A propaganda e a agitação são fundamentais para o desenvolvimento da consciência revolucionária das massas, pois têm como tarefa fazer denúncias políticas em todos os terrenos: econômico, social, cultural, ambiental. Para tanto é necessária uma estrutura organizativa com uma ferramenta que traga essa unidade de análise em diferentes regiões em que a organização está presente. Lenin defendia, à época, a necessidade de um jornal para toda a Russia, em vez de diversos jornais locais. Ele não está interessado aqui em debater meios de comunicação, mas sim de pensar uma ferramenta organizativa que ao mesmo tempo que consiga veicular as denúncias que podem despertar a indignação contra o sistema social possibilite também a organização seja para a distribuição dos jornais, seja para a leitura coletiva e debate dos problemas comuns.
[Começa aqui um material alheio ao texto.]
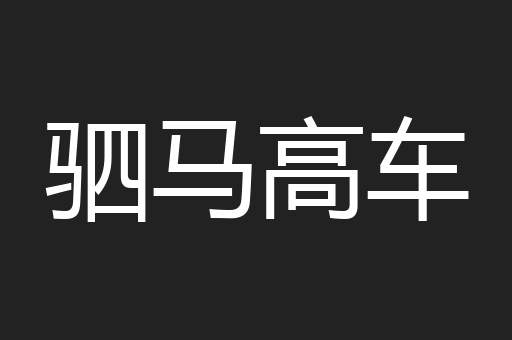 驷马高车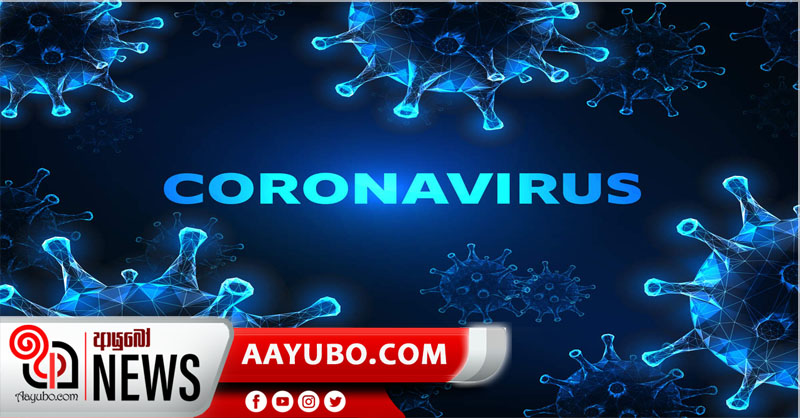 අද දිනට නව ආසාදිතයින් 501 ක්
Estes são apenas alguns poucos aspectos desta obra que demonstram a sua atualidade e relevância para nossa prática política ainda hoje. É certo que há algumas questões tratadas ali que são muito próprias do contexto russo como a dinâmica do movimento operário e a necessidade de uma organização clandestina e bastante coesa. No entanto, ela se constitui como um importante ponto de virada no pensamento marxista e na teoria da organização política revolucionária.

Concordamos, mais uma vez, com Florestan Fernandes quando ele nos diz que “O que Lenin faz com o marxismo só pode ser definido de uma maneira: ele converte o marxismo em processo revolucionário real”. É nesse espírito que comemoramos (trazemos à memória) os 153 anos desse revolucionário cuja vida e obra nos deixam lições imprescindíveis para a construção de uma sociedade justa em que a humanidade prevaleça sobre a mercadoria.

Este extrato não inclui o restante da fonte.